*** Provided information

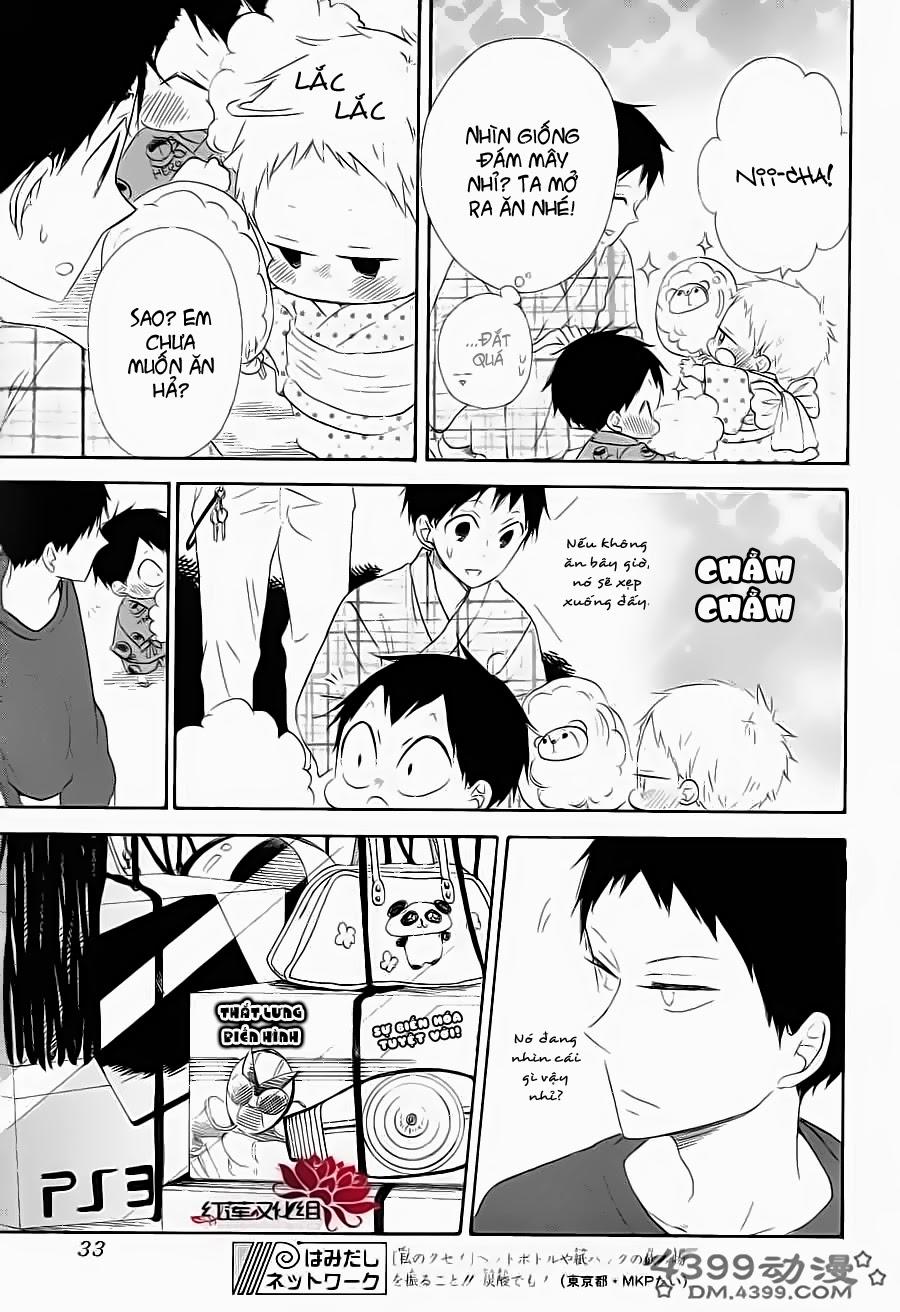 Anh Chàng Bảo Mẫu: Chapter 22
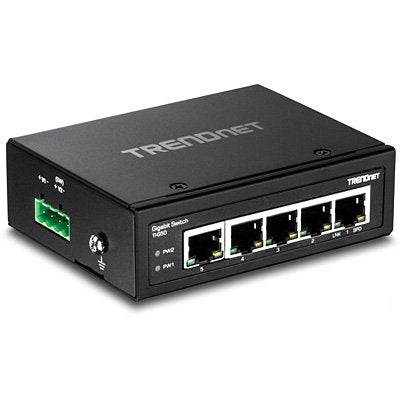 EAN 0710931160321 - Trendnet TI-G50 switch No administrado Gigabit Ethernet (10/100/1000) imagen 2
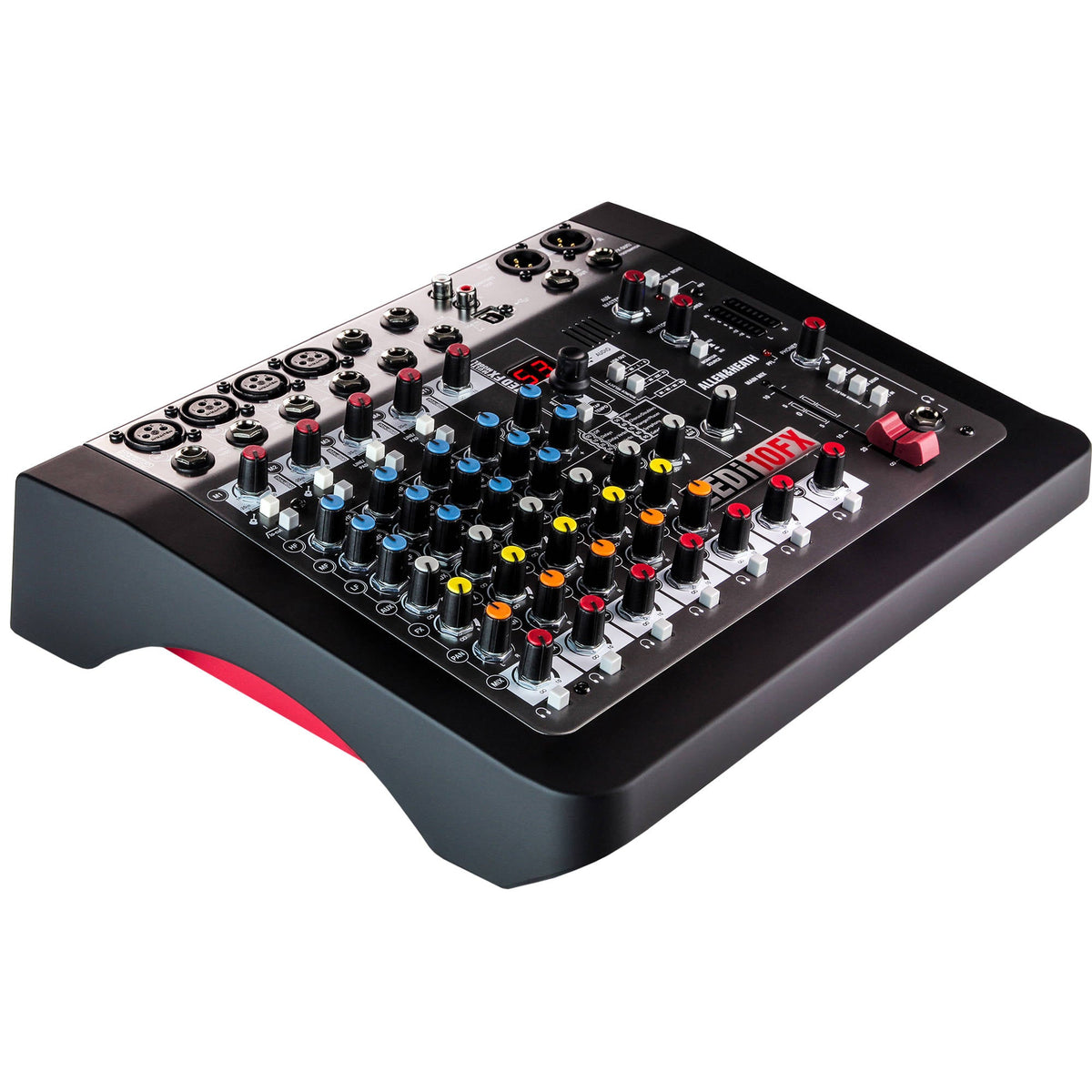 Allen & Heath ZEDi-10FX Hybrid Mixer and USB Interface with Effects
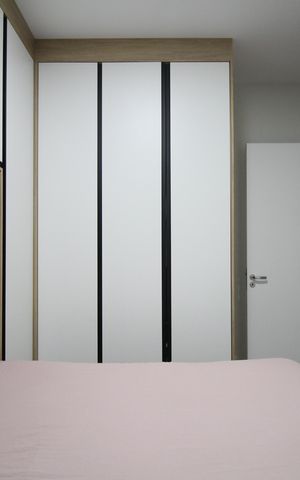Apartamento à venda com 45m², 2 quartos e 1 vagaQuarto 1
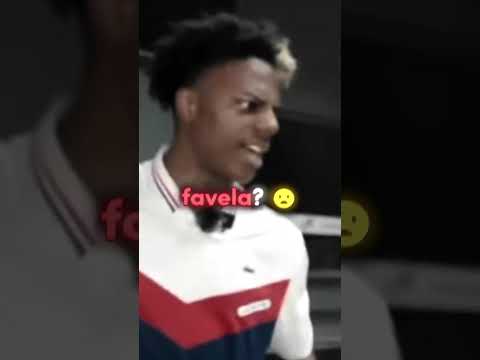 Boca de 09 trollando IShowSpeed 🤣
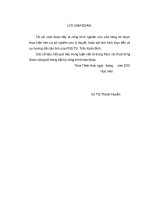 năng lực của công chức văn phòng   thống kê các phường thuộc ủy ban nhân dân thành phố huế, tỉnh thừa thiên huế 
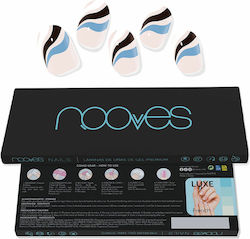 NOOVES Sfaturi pentru unghii 20buc 7744463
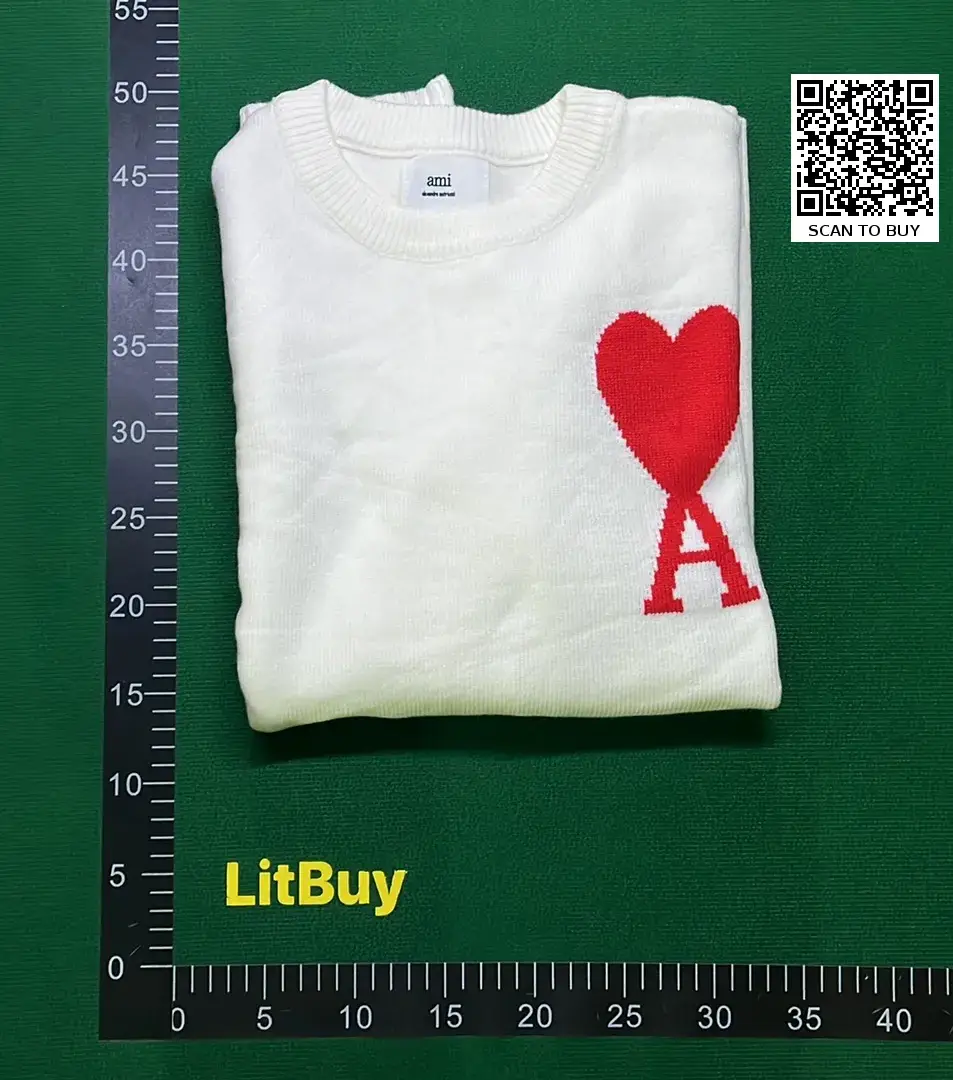 Amini Sweater  in the Best OopBuy Spreadsheet QC photos
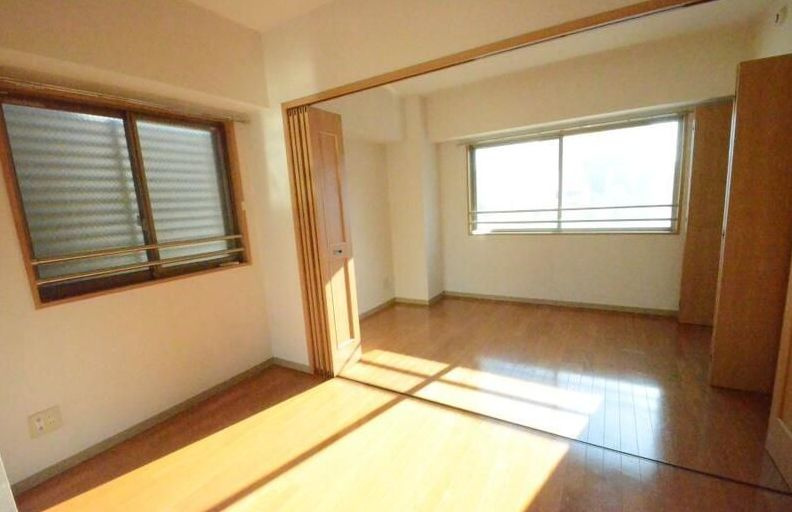 アーバンクレスト片町の寝室|寝室です。
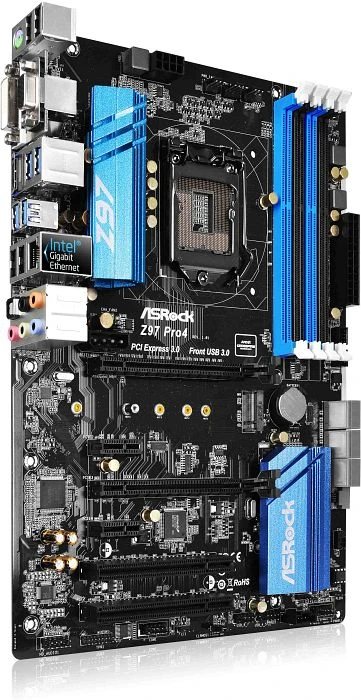 ASRock Z97 Pro4 (Intel 1150)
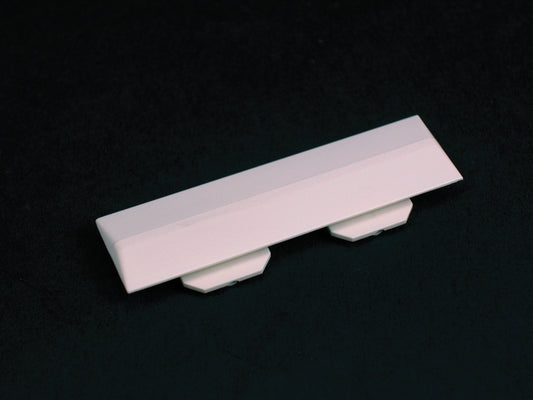 40N2F06V - Wiremold - 40N2F06V CableSmart 40N2 Cover Clip Fitting in Ivory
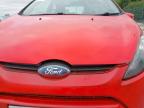 2009 FORD FIESTA STYLE  82 1.25 STYLE 3DR [82] for sale at Copart ST HELENS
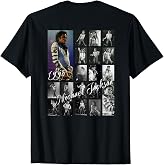 Michael Jackson 077 Back Printed T-Shirt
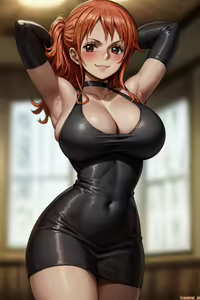 Page 98 of Nami One Piece ONLY THE BEST - preview thumbnail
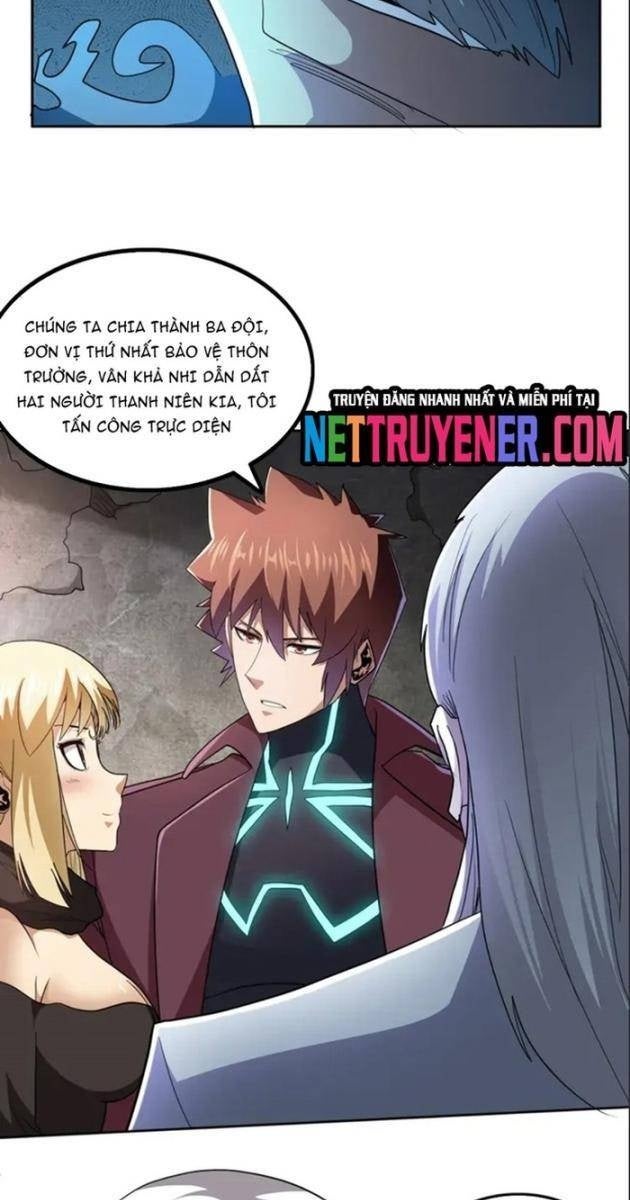 Thợ Săn Mạt Thế - Page 34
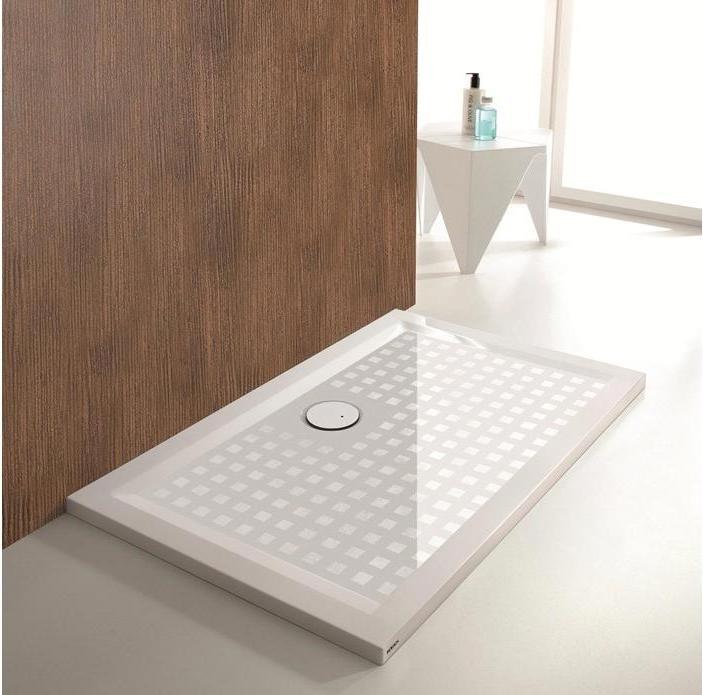 Actual product image Hoesch Shower tray MUNA 1900x800x30mm white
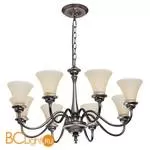 Люстра MW-Light Даллас 102010308 - Фото 0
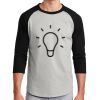 Colorblock Raglan Jersey Thumbnail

******

→ **Your goal**
Restate the data word for word from its first line through the line with "Thợ Săn Mạt Thế - Page 34", leaving out any picture along the way.

→ **Output**
 Anh Chàng Bảo Mẫu: Chapter 22
 EAN 0710931160321 - Trendnet TI-G50 switch No administrado Gigabit Ethernet (10/100/1000) imagen 2
 Allen & Heath ZEDi-10FX Hybrid Mixer and USB Interface with Effects
Apartamento à venda com 45m², 2 quartos e 1 vagaQuarto 1
 Boca de 09 trollando IShowSpeed 🤣
 năng lực của công chức văn phòng   thống kê các phường thuộc ủy ban nhân dân thành phố huế, tỉnh thừa thiên huế 
 NOOVES Sfaturi pentru unghii 20buc 7744463
 Amini Sweater  in the Best OopBuy Spreadsheet QC photos
 アーバンクレスト片町の寝室|寝室です。
 ASRock Z97 Pro4 (Intel 1150)
 40N2F06V - Wiremold - 40N2F06V CableSmart 40N2 Cover Clip Fitting in Ivory
 2009 FORD FIESTA STYLE  82 1.25 STYLE 3DR [82] for sale at Copart ST HELENS
 Michael Jackson 077 Back Printed T-Shirt
 Page 98 of Nami One Piece ONLY THE BEST - preview thumbnail
 Thợ Săn Mạt Thế - Page 34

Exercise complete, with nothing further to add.